Whereas Hegel’s philosophical investigations had, until this point, proceeded from the elementary system of relationships associated with communicative action, here (in the fragments of 1803/4) the analysis begins with the theoretical and practical confrontation of individuals with their environment. The intellectual formative process resulting from this confrontation — the further development of which takes the form of Spirit’s reflection on the mediations that it has already intuitively accomplished — allows, first, a consciousness of totality to emerge in the individual subject, which leads, second, to the stage of universalization or decentralization of ego-perspectives that accompanies the struggle for recognition. To this extent, the conflict between subjects have lost the second dimension of significance that it had in the System of Ethical Life. For it no longer represents a medium for consciousnessformation of individuals as well but is left instead only with the function of being a medium of social universalization, that is, of integration into community. Because Hegel gives up, along with the Aristotehanism of his early Jena writings, the notion of an original intersubjectivity of human life, he can no longer conceive the process of individualization in terms of the agonistic release of individuals from already existing communicative relations. In fact, his political theory of ethical life completely loses the character of a ‘history of society’, of an analysis of directional changes in social relations, and gradually takes on the form of an analysis of the education [Bildung] of the individual for society.

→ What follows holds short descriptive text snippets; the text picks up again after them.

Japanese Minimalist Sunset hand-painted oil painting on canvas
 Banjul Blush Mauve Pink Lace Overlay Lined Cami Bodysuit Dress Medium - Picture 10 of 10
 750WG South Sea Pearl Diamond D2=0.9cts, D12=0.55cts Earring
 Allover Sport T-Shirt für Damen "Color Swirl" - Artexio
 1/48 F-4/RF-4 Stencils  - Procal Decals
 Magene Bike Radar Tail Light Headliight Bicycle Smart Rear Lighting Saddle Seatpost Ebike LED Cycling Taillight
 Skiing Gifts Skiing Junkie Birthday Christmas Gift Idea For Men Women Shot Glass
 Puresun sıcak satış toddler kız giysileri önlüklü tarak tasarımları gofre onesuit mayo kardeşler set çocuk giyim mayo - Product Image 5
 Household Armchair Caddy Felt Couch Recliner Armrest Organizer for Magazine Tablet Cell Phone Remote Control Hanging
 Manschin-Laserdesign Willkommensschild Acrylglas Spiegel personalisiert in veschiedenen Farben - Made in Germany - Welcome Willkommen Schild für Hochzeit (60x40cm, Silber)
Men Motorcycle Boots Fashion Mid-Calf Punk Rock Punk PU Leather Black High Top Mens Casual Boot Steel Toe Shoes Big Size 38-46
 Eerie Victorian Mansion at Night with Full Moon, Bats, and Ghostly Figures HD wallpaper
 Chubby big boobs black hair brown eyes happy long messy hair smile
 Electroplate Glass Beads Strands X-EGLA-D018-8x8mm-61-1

If these considerations are correct, Hegel paid for the theoretical gains of his turn to the philosophy of consciousness by sacrificing his strong intersubjectivism. By making the conceptual modification first introduced in the proposed system of 1803/4, Hegel does create, for the first time, the theoretical possibility for conceptually distinguishing more precisely between the individual stages of individual consciousness-formation. At the same time, this generates the opportunity for differentiating various concepts of the person that his approach had been lacking. But the benefit thus obtained, in terms of a theory of subjectivity, comes at the expense of a communication-theoretical alternative, which was in fact also implicit in the reference to Aristotle. The turn to the philosophy of consciousness allows Hegel to completely lose sight of the idea of an original intersubjectivity of humankind and blocks the way to the completely different solution that would have consisted in making the necessary distinctions between various degrees of personal autonomy within the framework of a theory of intersubjectivity. But the categorial advantages and the theoretical losses that this cognitive step generates for Hegel’s idea of a ‘struggle for recognition’ can only be adequately assessed in connection with the text in which this conceptual reorientation comes to a provisional conclusion. Already in the 1803/4 draft of his Realphilosophie — the last text before the Phenomenology of Spirit — Hegel analysed the formative process of Spirit entirely within the framework of the newly acquired paradigm of the philosophy of consciousness. Despite the fact that virtually all echoes of the System of Ethical Life have disappeared from this text, never again in the later political philosophy is the ‘struggle for recognition’ given such a strong, systematic position as here.